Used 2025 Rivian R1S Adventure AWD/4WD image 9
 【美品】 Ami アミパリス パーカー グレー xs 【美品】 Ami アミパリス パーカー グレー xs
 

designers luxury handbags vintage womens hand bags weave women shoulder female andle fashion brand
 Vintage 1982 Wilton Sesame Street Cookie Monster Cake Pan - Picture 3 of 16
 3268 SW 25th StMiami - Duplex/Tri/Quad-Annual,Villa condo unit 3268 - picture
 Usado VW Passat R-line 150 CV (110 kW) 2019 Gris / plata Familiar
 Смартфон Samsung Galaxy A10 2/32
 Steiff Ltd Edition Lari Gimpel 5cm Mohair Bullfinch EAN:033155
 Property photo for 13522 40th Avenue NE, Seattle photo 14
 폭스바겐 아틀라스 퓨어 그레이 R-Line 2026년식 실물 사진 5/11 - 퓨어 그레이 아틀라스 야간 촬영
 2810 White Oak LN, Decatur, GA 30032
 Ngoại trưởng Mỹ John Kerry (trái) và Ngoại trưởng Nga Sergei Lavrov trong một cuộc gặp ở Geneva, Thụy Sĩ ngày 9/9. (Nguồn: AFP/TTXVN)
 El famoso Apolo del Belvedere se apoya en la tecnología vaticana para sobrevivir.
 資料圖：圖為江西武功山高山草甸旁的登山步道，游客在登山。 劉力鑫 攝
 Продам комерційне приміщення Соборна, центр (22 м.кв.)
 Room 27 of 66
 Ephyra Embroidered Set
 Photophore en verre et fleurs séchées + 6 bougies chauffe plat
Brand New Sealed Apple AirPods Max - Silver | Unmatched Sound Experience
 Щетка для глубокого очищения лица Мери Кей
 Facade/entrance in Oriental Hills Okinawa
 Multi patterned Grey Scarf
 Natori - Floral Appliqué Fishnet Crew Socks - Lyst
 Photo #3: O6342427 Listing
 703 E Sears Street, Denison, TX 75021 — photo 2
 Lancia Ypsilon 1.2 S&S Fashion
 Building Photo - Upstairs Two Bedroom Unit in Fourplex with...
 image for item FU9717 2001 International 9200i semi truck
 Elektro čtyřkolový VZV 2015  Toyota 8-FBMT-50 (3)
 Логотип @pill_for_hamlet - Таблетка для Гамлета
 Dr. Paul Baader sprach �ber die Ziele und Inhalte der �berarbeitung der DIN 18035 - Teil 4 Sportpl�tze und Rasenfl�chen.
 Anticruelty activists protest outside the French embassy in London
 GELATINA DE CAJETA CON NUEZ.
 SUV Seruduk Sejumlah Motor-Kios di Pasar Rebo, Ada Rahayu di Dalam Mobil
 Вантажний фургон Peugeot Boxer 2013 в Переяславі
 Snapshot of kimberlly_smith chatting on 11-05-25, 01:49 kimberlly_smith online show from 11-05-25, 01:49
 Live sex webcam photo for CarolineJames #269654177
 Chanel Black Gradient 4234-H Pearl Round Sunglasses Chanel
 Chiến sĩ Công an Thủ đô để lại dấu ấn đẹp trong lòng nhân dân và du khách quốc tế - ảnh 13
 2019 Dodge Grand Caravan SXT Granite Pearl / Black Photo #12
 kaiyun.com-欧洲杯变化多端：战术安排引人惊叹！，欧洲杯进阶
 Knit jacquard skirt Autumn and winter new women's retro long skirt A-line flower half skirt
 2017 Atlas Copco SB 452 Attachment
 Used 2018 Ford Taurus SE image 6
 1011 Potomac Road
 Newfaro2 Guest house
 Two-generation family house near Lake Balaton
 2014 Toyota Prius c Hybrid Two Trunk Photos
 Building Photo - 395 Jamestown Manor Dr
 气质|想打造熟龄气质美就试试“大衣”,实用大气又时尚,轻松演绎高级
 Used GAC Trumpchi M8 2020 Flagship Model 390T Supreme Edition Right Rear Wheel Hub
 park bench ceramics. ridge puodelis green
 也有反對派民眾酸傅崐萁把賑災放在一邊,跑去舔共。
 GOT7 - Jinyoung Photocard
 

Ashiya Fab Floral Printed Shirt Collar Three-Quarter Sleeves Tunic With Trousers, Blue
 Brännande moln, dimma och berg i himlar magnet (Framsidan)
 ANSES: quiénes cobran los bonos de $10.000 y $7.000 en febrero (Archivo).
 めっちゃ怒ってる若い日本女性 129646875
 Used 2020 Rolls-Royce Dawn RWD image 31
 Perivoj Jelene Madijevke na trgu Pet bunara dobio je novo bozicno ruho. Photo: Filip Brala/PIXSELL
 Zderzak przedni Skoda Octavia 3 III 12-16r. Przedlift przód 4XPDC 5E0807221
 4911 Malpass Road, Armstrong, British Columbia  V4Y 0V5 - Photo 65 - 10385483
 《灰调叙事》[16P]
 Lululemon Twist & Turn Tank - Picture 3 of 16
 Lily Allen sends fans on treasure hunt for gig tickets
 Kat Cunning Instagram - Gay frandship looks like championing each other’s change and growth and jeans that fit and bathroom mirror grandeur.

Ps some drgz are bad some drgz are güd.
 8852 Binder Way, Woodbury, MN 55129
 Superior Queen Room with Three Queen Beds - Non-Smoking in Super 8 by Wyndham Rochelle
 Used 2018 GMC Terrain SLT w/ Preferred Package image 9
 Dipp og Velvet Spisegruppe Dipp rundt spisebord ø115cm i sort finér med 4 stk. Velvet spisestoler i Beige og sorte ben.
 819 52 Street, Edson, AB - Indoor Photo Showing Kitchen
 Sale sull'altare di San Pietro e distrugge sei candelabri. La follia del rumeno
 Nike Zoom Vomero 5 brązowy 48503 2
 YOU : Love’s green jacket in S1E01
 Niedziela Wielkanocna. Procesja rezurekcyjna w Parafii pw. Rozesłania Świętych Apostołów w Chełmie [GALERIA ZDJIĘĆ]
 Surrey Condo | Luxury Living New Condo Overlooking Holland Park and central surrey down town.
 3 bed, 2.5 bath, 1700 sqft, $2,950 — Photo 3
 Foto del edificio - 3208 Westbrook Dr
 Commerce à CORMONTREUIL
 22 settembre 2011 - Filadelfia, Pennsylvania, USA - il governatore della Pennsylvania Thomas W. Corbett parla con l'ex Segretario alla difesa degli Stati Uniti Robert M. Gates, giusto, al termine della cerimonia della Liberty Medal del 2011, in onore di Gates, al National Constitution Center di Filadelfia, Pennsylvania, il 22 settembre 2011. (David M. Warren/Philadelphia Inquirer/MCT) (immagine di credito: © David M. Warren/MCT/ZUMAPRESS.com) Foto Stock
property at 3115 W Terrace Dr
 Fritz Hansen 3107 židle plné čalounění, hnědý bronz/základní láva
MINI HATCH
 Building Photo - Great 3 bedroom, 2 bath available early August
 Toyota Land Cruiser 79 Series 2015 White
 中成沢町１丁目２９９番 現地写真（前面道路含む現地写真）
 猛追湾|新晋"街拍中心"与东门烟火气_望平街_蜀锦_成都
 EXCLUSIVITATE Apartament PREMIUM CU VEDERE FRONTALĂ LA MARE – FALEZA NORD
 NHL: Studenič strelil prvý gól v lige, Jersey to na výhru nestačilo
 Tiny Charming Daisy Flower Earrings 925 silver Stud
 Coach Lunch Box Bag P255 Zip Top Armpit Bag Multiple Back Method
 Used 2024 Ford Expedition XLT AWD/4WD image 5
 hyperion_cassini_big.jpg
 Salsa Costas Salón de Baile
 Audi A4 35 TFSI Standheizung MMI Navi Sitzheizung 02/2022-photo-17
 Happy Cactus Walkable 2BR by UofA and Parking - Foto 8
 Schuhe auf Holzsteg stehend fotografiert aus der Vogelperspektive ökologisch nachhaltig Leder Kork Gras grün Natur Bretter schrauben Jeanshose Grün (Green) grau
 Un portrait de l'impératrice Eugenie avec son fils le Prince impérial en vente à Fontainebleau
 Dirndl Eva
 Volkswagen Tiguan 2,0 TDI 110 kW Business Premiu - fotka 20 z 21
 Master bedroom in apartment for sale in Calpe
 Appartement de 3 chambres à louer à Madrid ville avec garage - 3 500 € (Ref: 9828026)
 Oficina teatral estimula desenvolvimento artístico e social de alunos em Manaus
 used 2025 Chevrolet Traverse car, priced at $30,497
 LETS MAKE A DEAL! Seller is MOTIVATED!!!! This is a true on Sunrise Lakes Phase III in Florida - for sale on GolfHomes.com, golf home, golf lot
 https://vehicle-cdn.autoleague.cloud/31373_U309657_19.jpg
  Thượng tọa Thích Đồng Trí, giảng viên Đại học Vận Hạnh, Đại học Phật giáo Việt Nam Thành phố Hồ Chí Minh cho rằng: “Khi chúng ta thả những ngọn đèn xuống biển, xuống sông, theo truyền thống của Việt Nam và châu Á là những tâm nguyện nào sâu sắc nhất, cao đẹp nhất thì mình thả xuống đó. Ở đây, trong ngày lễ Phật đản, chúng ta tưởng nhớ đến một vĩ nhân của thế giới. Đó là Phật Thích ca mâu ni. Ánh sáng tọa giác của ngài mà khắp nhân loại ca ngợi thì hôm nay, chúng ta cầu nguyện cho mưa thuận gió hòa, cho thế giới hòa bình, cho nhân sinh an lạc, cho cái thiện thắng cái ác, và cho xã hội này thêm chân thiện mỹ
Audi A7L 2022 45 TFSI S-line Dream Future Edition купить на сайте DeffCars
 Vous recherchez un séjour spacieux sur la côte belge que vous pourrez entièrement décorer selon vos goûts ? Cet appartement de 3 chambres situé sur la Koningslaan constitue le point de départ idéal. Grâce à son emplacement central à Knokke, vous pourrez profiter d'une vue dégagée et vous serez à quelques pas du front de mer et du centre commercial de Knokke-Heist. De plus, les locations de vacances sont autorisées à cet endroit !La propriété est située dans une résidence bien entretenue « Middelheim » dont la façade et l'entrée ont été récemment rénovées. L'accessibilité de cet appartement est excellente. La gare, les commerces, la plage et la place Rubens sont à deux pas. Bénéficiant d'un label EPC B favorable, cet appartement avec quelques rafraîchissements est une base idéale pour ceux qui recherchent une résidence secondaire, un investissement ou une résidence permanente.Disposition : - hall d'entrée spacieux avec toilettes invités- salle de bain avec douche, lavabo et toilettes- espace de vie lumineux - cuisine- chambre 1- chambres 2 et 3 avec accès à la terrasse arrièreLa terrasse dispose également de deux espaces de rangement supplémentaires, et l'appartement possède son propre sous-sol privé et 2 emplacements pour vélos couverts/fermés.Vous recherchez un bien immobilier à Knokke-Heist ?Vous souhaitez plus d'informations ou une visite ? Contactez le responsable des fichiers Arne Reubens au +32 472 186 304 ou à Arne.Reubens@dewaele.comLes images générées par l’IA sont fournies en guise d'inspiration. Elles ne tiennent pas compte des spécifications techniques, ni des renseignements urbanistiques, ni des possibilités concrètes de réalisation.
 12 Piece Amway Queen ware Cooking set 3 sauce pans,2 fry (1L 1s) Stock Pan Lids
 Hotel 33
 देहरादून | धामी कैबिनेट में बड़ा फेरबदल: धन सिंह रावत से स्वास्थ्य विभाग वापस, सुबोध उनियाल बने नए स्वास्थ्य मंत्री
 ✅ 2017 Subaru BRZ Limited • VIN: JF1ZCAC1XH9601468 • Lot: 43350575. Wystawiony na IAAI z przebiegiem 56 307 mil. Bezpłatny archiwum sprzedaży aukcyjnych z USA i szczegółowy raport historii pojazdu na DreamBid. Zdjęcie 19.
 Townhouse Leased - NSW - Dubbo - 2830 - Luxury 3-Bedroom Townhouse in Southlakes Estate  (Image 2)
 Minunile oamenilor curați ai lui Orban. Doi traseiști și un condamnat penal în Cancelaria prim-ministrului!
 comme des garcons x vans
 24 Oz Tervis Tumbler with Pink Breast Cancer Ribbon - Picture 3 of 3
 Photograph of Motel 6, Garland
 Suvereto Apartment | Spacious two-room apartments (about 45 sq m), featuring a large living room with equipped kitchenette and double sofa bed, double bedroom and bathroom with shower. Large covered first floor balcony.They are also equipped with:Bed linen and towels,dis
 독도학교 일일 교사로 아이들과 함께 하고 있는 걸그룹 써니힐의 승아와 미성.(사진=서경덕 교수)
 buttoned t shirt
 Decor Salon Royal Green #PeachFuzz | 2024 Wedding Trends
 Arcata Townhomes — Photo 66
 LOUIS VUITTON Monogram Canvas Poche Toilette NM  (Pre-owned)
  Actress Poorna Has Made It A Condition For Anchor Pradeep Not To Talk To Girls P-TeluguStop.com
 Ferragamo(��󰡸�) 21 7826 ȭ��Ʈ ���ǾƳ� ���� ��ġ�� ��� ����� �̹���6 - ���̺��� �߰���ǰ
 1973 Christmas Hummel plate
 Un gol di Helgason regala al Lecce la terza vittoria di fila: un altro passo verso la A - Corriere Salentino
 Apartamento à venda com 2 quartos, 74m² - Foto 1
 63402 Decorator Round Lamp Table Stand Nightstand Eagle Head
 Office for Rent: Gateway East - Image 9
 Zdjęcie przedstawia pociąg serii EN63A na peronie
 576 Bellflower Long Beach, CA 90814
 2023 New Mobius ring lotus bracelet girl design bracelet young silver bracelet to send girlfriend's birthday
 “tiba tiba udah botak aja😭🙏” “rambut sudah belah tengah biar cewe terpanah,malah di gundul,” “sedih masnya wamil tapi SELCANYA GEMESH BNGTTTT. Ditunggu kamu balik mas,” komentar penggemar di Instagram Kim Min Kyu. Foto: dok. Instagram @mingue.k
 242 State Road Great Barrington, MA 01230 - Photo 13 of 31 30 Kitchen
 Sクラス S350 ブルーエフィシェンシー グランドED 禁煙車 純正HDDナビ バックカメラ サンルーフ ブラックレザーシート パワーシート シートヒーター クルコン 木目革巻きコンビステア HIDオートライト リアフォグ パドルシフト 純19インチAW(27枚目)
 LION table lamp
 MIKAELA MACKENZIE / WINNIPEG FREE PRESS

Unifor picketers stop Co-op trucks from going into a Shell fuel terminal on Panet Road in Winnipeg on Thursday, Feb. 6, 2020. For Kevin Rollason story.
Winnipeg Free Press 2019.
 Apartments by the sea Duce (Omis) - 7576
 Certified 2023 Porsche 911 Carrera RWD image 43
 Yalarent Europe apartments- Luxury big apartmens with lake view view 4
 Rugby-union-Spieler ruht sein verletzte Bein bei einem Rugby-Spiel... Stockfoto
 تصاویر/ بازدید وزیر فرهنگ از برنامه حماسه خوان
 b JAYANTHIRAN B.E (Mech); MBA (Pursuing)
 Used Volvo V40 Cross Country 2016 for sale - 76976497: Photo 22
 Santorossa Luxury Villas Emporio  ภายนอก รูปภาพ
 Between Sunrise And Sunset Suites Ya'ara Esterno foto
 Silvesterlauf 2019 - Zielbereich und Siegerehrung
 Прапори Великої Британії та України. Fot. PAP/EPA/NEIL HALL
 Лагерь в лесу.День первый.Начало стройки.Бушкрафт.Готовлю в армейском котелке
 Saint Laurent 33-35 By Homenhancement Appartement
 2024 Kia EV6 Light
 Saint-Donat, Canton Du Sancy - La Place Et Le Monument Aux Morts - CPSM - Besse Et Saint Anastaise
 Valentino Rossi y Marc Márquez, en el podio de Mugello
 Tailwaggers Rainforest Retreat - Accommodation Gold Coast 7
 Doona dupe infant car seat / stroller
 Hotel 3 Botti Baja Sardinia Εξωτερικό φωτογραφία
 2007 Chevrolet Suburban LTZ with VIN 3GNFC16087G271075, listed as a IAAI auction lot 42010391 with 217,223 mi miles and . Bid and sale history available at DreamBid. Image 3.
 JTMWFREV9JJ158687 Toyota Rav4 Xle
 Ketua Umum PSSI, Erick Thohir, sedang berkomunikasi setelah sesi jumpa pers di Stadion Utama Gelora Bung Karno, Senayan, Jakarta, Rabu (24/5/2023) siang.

Prompt ::
Could you transcribe the entries above word for word, from the line with "3 bed, 2.5 bath, 1700 sqft, $2,950 — Photo 3" down to the line with "EXCLUSIVITATE Apartament PREMIUM", keeping both?

Written reply ::
 3 bed, 2.5 bath, 1700 sqft, $2,950 — Photo 3
 Foto del edificio - 3208 Westbrook Dr
 Commerce à CORMONTREUIL
 22 settembre 2011 - Filadelfia, Pennsylvania, USA - il governatore della Pennsylvania Thomas W. Corbett parla con l'ex Segretario alla difesa degli Stati Uniti Robert M. Gates, giusto, al termine della cerimonia della Liberty Medal del 2011, in onore di Gates, al National Constitution Center di Filadelfia, Pennsylvania, il 22 settembre 2011. (David M. Warren/Philadelphia Inquirer/MCT) (immagine di credito: © David M. Warren/MCT/ZUMAPRESS.com) Foto Stock
property at 3115 W Terrace Dr
 Fritz Hansen 3107 židle plné čalounění, hnědý bronz/základní láva
MINI HATCH
 Building Photo - Great 3 bedroom, 2 bath available early August
 Toyota Land Cruiser 79 Series 2015 White
 中成沢町１丁目２９９番 現地写真（前面道路含む現地写真）
 猛追湾|新晋"街拍中心"与东门烟火气_望平街_蜀锦_成都
 EXCLUSIVITATE Apartament PREMIUM CU VEDERE FRONTALĂ LA MARE – FALEZA NORD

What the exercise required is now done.